SUMMARY

This continuation of BIAS AND CONTEXT IN PRESIDENTIAL DEBATE TEXTS, which focused on a “Bag of Words” approach to analyzing the text of Presidential Debates.

This analysis shows a “Heat Map” of frequent words. It is not really a new analysys, but just a better way of visualizing the data. I also

DATA SOURCES AND METHODS

The text of the presidential debates are downloaded from the UCSB Presidency Project. Transcripts were pasted into Apple Pages and stored as unformatted .txt files.

CANDIDATE WORD FREQUENCIES

We can check word frequency directly by tokenizing the text and counting single words. (Note: this is a partial duplication of the work done in the first analysis.

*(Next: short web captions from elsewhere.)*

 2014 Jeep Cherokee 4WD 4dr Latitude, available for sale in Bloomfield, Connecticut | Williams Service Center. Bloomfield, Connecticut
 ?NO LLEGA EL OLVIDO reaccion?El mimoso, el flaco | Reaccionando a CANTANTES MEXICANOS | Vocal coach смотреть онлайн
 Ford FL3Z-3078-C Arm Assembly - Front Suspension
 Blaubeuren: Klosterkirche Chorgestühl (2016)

But as the word vector analysis below leverages some of the output of this, it’s reproduced here in a slightly different format as a control of quality)

There are a total of 4853 words in the combined vocabulary of the candidates.

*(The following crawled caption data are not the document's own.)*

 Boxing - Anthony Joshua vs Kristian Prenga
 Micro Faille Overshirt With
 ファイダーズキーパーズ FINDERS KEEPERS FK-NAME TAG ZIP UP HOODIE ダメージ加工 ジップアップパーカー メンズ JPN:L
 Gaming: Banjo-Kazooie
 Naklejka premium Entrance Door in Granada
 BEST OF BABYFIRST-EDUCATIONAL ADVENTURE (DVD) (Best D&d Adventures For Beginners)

word trump sanders clinton rubio cruz all
people 105 162 117 86 24 494
going 84 85 90 56 13 328
think 31 111 150 10 13 315
country 64 119 57 52 10 302
know 47 55 115 37 41 295
will 43 48 70 45 55 261
well 26 58 104 23 26 237
need 23 72 73 15 27 210
president 10 25 75 68 30 208
now 32 40 48 53 27 200
just 44 45 47 28 13 177
tax 9 15 8 47 51 130
obama 4 5 26 10 37 82
SUM 4224 9306 9742 4607 5033 32912

- Hilary Clinton spoke a total of 9742 and had a vocabulary of 2477 words.
- Bernie Sanders spoke 9306 total words, with a vocabulary of 2109.
- Donald Trump spoke 4224 and with a vocabulary of 1206.
- Ted Cruz spoke 4607 and with a vocabulary of 1688.
- Marco Rubio spoke 5033 and with a vocabulary of 1583.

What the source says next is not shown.